How to transfer data to and from the Persistent volume claim

In this section we will describe methods of transferring data between the Research Data Store (RDS) and Gadi. For now, while we await the implementation of Globus for fast and efficient transfer to and from your Persistent Volume Claim (PVC), we will describe an interactive method for transferring data using a JupyterLab environment in the Run:ai web interface. In the future we will include instructions for copying data using the Run:AI CLI at the command line.

Here we assume you already have set up a project and have some Persistent Volume Claim (PVC) storage available.

Interactive data transfer to/from RDS from a web-browser

You can easily transfer data between your Persistent Volume Claim (PVC) and RDS from inside the Run:ai web browser interface. We have set up an environment called data-transfer for you to do this.

To run the data-transfer environment from a template:

  1. Log into the Run:ai dashboard at gpu.sydney.edu.au and use Okta to login with your credentials via the “CONTINUE WITH SSO” sign in option.

  2. Click the ‘Workload manager’ icon in the left panel and then select ‘Workloads’ in the menu. Next select the green ‘+ NEW WORKLOAD’ icon in the top left of the workloads screen and select ‘Workspace’.

New Workload
  1. Select your project from the projects available and select the data-transfer-workspace template and give your workspace a name before selecting ‘Advanced Setup’ on the bottom right.

  2. If you have selected the data-transfer-workspace template, you should now have pre-populated the required Environment and Compute resources fields on the following page. You can double check this now.

  3. Expand the Data & storage box and select the small icon in the top left. You will see a list of PVCs associated with your project, select this from the list.

Select a PVC in Data & storage
  1. When you are happy with everything, click CREATE WORKSPACE and your data transfer environment will be created. When this is provisioned click the CONNECT icon above the list of workloads.

Connect
  1. You will again be prompted for your Run:ai login and your newly created JupyterLab session will appear in a new tab in your browser. Select the ‘Terminal’ app there.

Terminal
  1. In the open terminal app you can now use the sftp command to copy data to/from your project space in RDS.

To copy data from RDS to the GPU cluster, you can type the following into the open terminal:

Note

Be sure to replace everything in brackets < > with values specific to the data you are trying to copy as follows:

<your_unikey>: Your University of Sydney unikey, usually in the form abcd0123.

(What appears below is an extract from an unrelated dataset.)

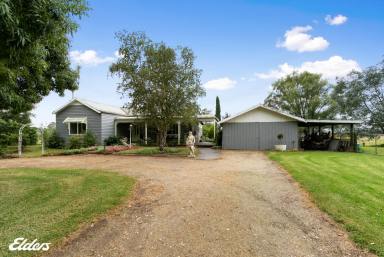 Farm For Sale - VIC - Stratford - 3862 - CHARACTER HOME + 20 ACRES  (Image 2)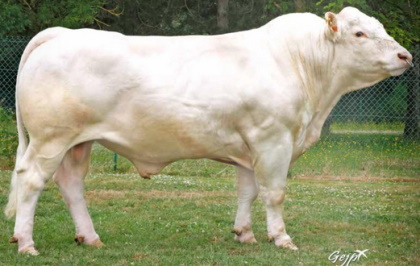 reproducteur charolais inscrit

<rds_project>: The name of the project you have on DashR with data stored in RDS.

<path_to_project_data>: The location of your storage directory under your project on RDS. (e.g. my_project_data/my_project_data_for_dgx/)

<pvc_mount_point>: The location your PVC has been mounted (this is established when your PVC is provisioned). (e.g. /scratch)

<path_to_pvc_data>: The path of the data you have stored on the PVC. (e.g. my_dgx_data/workflow_output/)

sftp -r <your_unikey>@research-data-ext.sydney.edu.au:/rds/PRJ-<Project Short ID>/<Path to File or Folder> <pvc_mount_point>/<path_to_pvc_data>

After you execute this command, you will be prompted for the password associated with your unikey to establish a connection to RDS.

To copy data from the GPU cluster to RDS, reverse the order of source and destination in the above command:

sftp <your_unikey>@research-data-ext.sydney.edu.au:/rds/PRJ-<Project Short ID>/<Path to File or Folder> <<< $"put -r <pvc_mount_point>/<path_to_pvc_data>"

During file transfer, for larger files, you can close the browser and leave things running in the background. You can then reconnect to check its status by logging back into the web UI at gpu.sydney.edu.au.